# WHAT IS REQUIRED:
Set down all of the data exactly. Pictures stay out of the copy.

'''

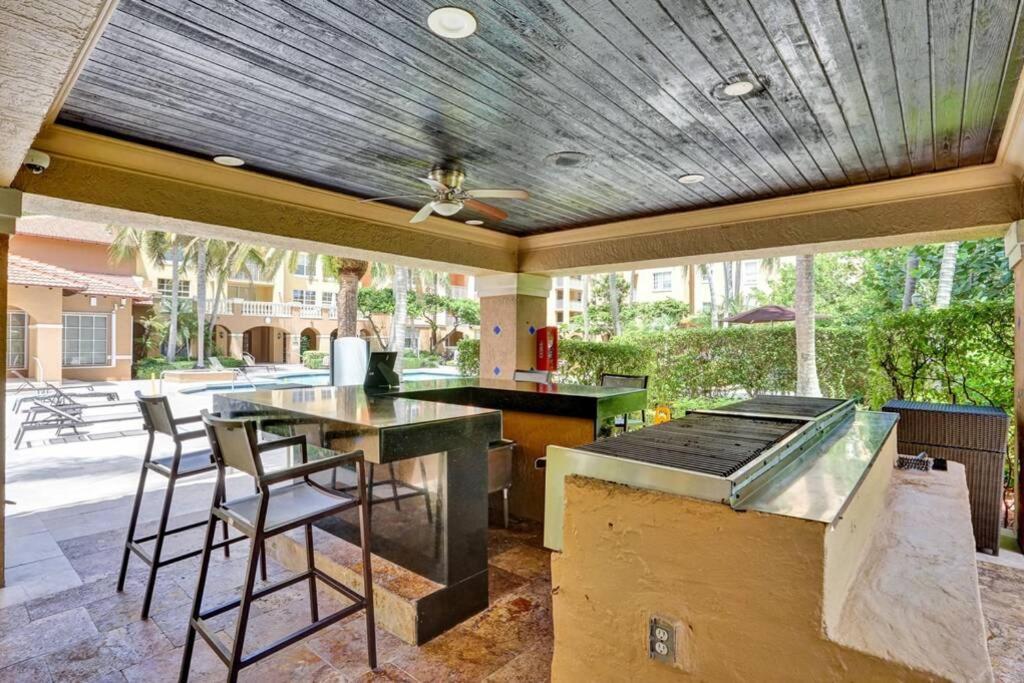 Appartement Renovated Cozy The Yacht Club At Aventura Parking Included *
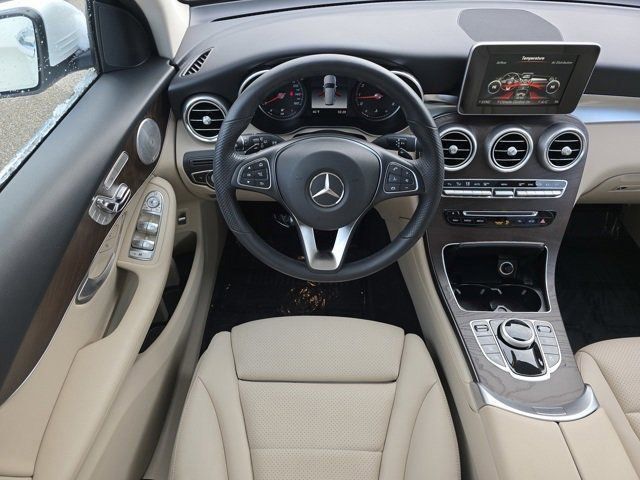 2019 Mercedes-Benz GLC 300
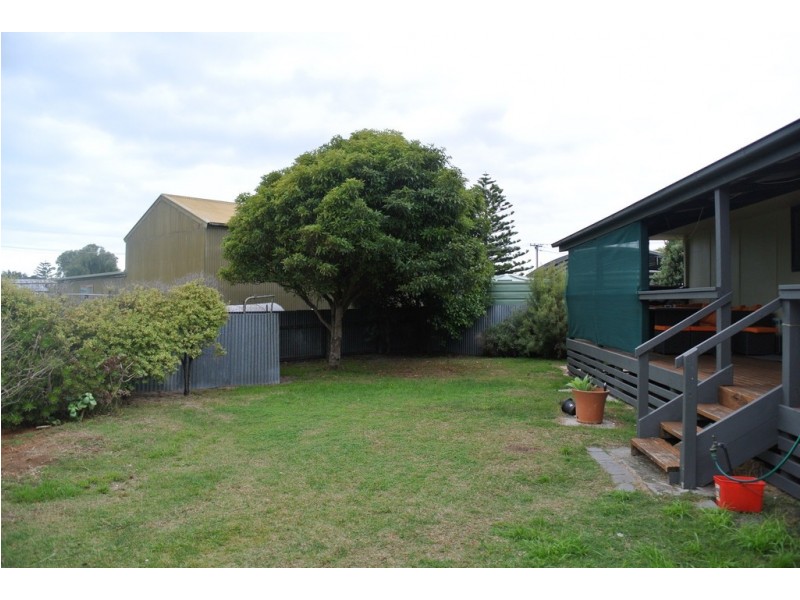 1 Redman Crescent, Kingston Se SA 5275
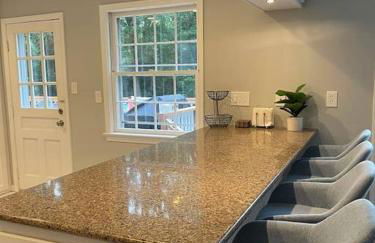 Lux Family Xcape with HotTub Fireplace Deck BBQ - Foto 4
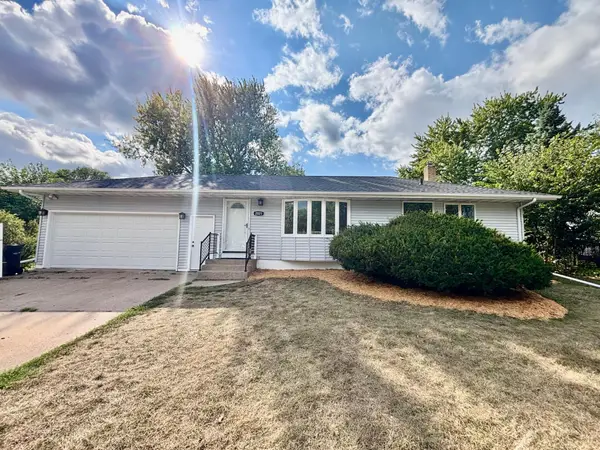 2021 Chambers Street, Maplewood, MN 55109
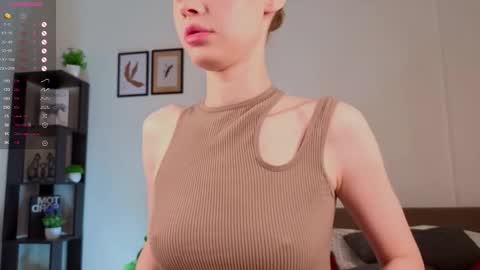 Emi online show from September 26, 11:31 pm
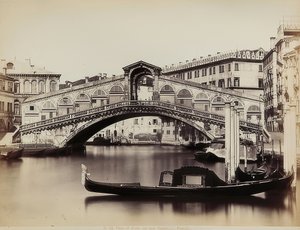 Uitzicht op het Canal Grande met de Ponte di Rialto in Venetië door Carlo Naya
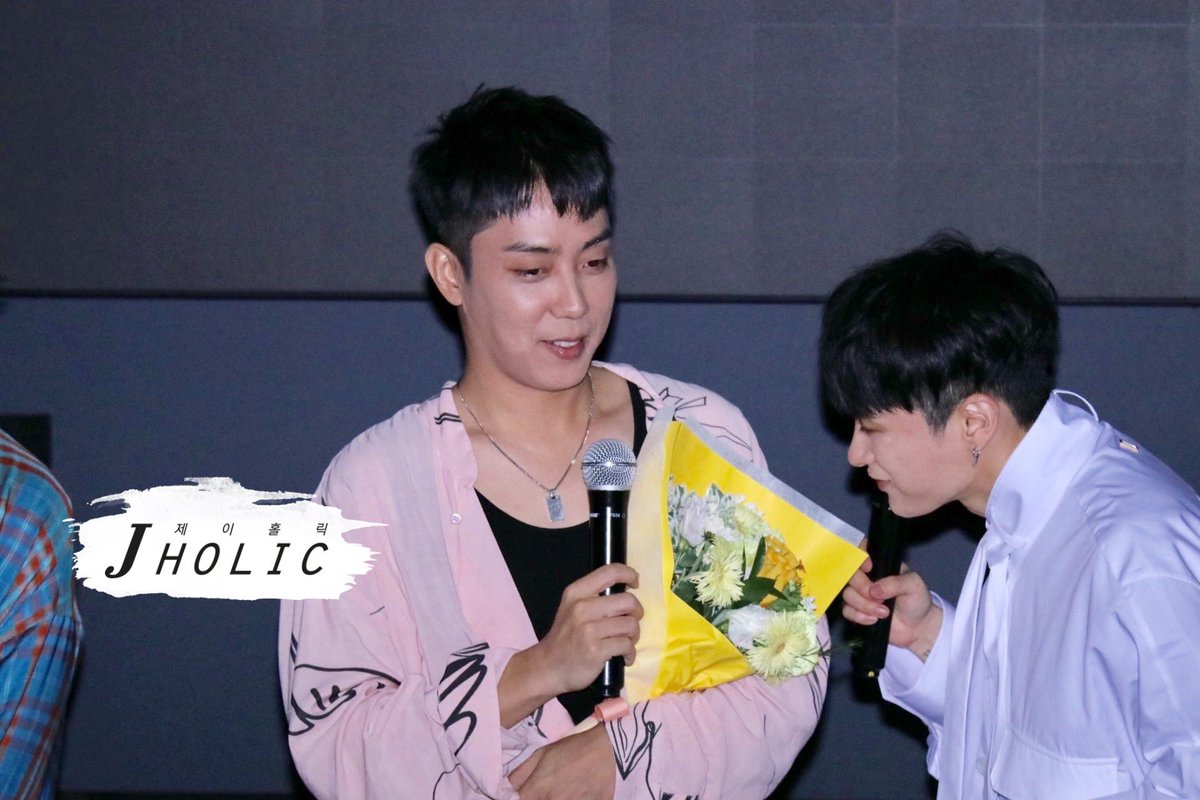 jholic_6's tweet photo. 190816 젝키빌라 무대인사 프리뷰 1
#젝스키스 #sechskies 
#은지원 #이재진 #김재덕 #장수원 https://t.co/g5DlMKyf4g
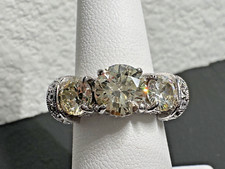 STERLING SILVER SPARKLING THREE SIMULATED GEMSTONES RING SIZE 6 1/4 G799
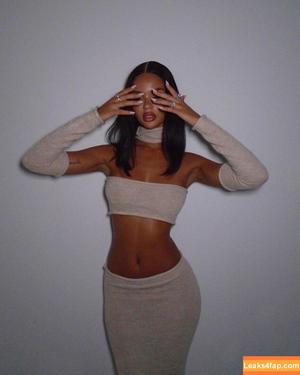 Juliana Nalu photo #0205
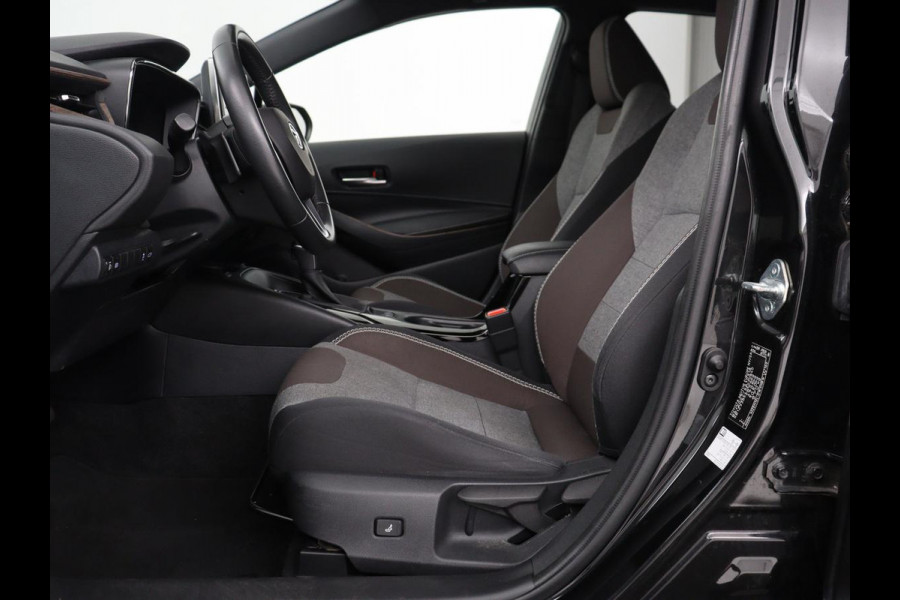 Toyota Corolla Touring Sports 2.0 Hybrid Style | Stoelverwarming | Cruise Control | Navigatie | Camera | Carplay | Full LED | DAB | Climate control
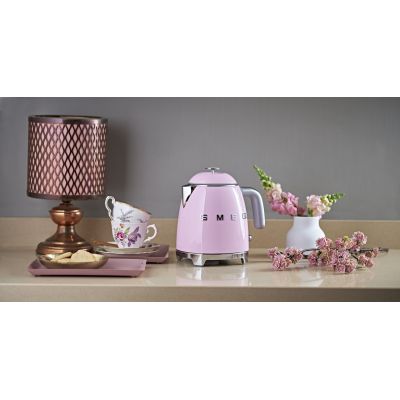4. SMEG Wasserkocher (KLF05PKEU) Mini 0,8L rosa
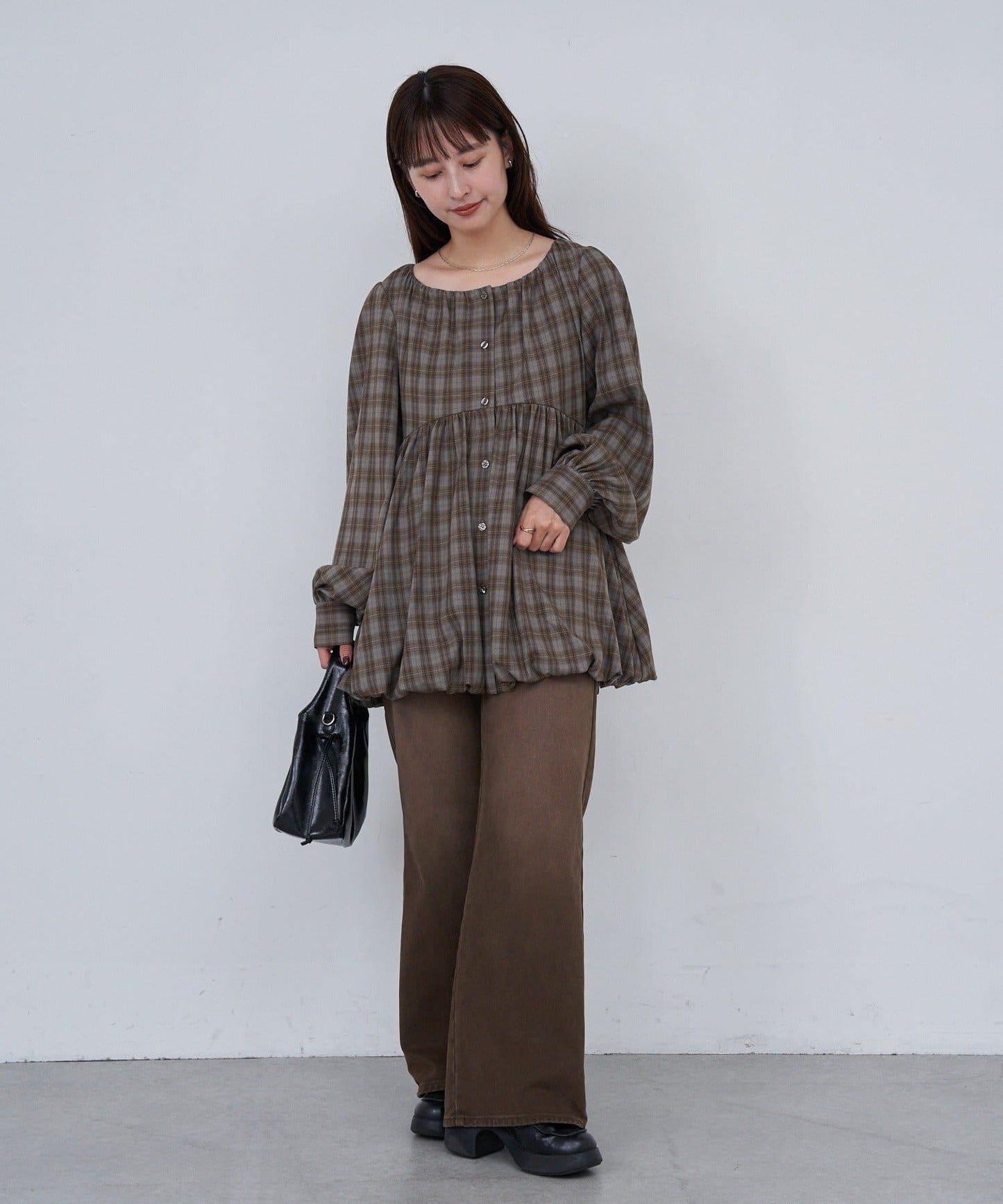 【Kastane】B方領泡泡袖長款上衣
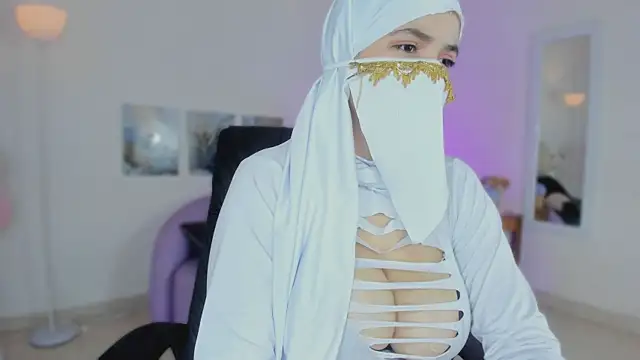 salma_isawwii webcam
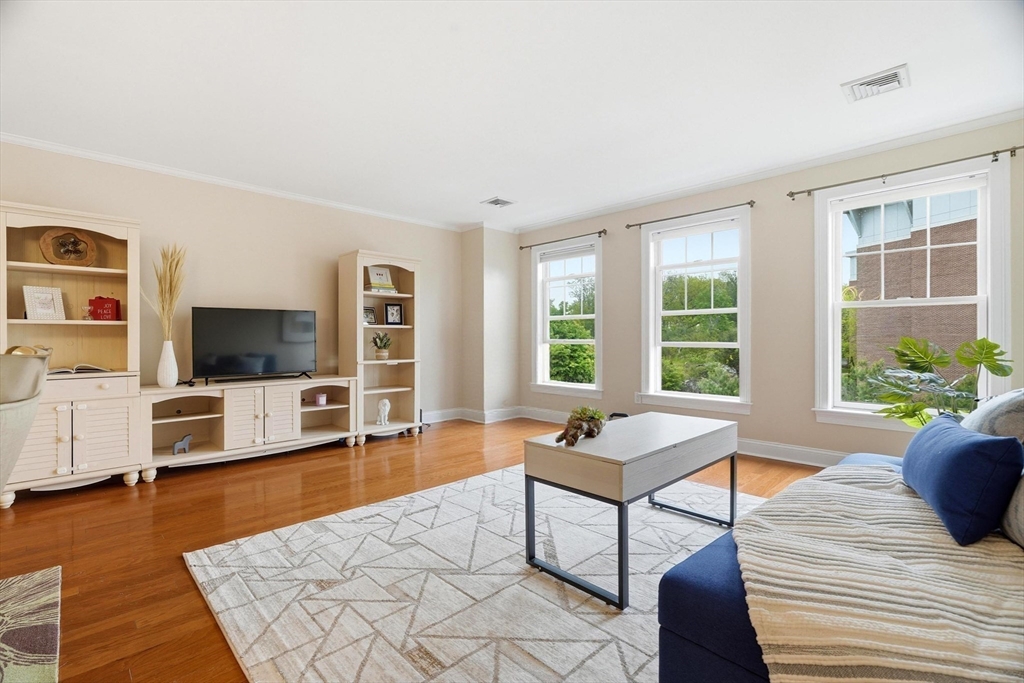 11 Cheriton Road, Unit 306 Boston, MA 02132 - Photo 8 of 21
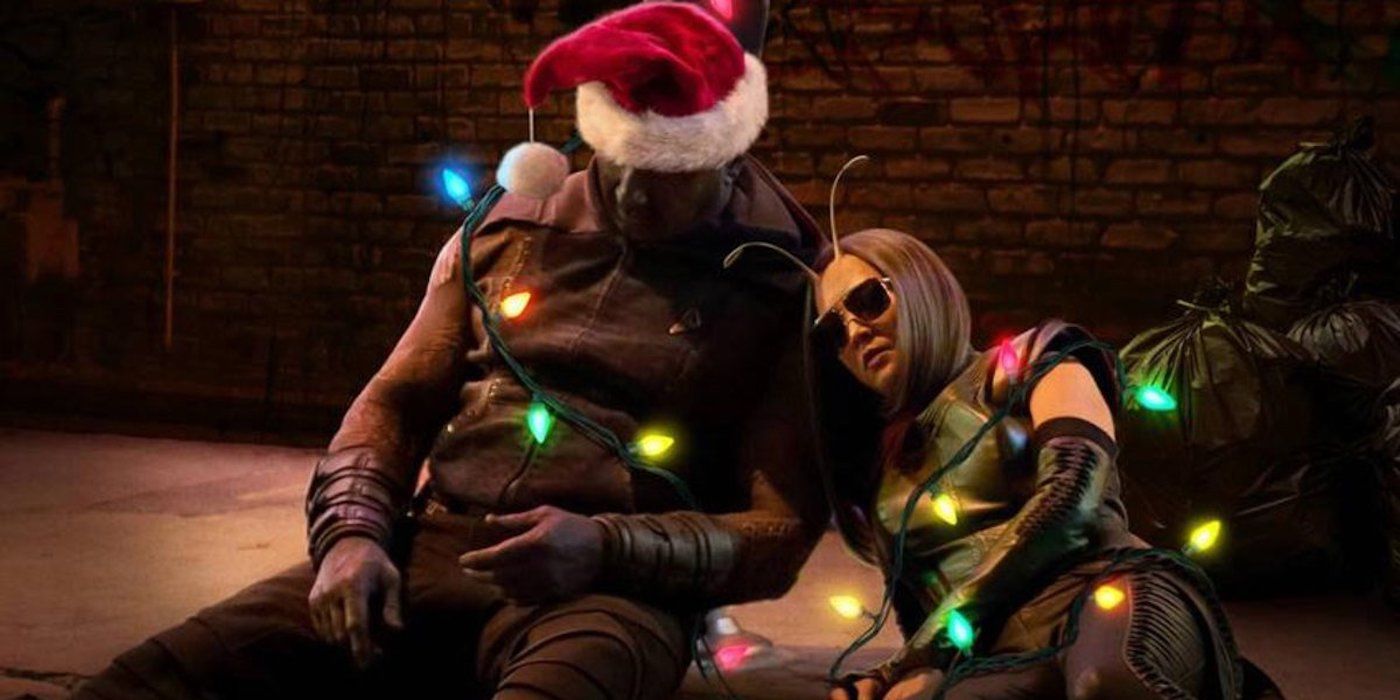 Dave Bautista sebagai Drax dan Pom Klementieff sebagai Mantis tertidur di The Guardians of the Galaxy Holiday Special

'''

# RESPONSE:
 Appartement Renovated Cozy The Yacht Club At Aventura Parking Included *
 2019 Mercedes-Benz GLC 300
 1 Redman Crescent, Kingston Se SA 5275
 Lux Family Xcape with HotTub Fireplace Deck BBQ - Foto 4
 2021 Chambers Street, Maplewood, MN 55109
 Emi online show from September 26, 11:31 pm
 Uitzicht op het Canal Grande met de Ponte di Rialto in Venetië door Carlo Naya
 jholic_6's tweet photo. 190816 젝키빌라 무대인사 프리뷰 1
#젝스키스 #sechskies 
#은지원 #이재진 #김재덕 #장수원 https://t.co/g5DlMKyf4g
 STERLING SILVER SPARKLING THREE SIMULATED GEMSTONES RING SIZE 6 1/4 G799
 Juliana Nalu photo #0205
 Toyota Corolla Touring Sports 2.0 Hybrid Style | Stoelverwarming | Cruise Control | Navigatie | Camera | Carplay | Full LED | DAB | Climate control
4. SMEG Wasserkocher (KLF05PKEU) Mini 0,8L rosa
 【Kastane】B方領泡泡袖長款上衣
 salma_isawwii webcam
 11 Cheriton Road, Unit 306 Boston, MA 02132 - Photo 8 of 21
 Dave Bautista sebagai Drax dan Pom Klementieff sebagai Mantis tertidur di The Guardians of the Galaxy Holiday Special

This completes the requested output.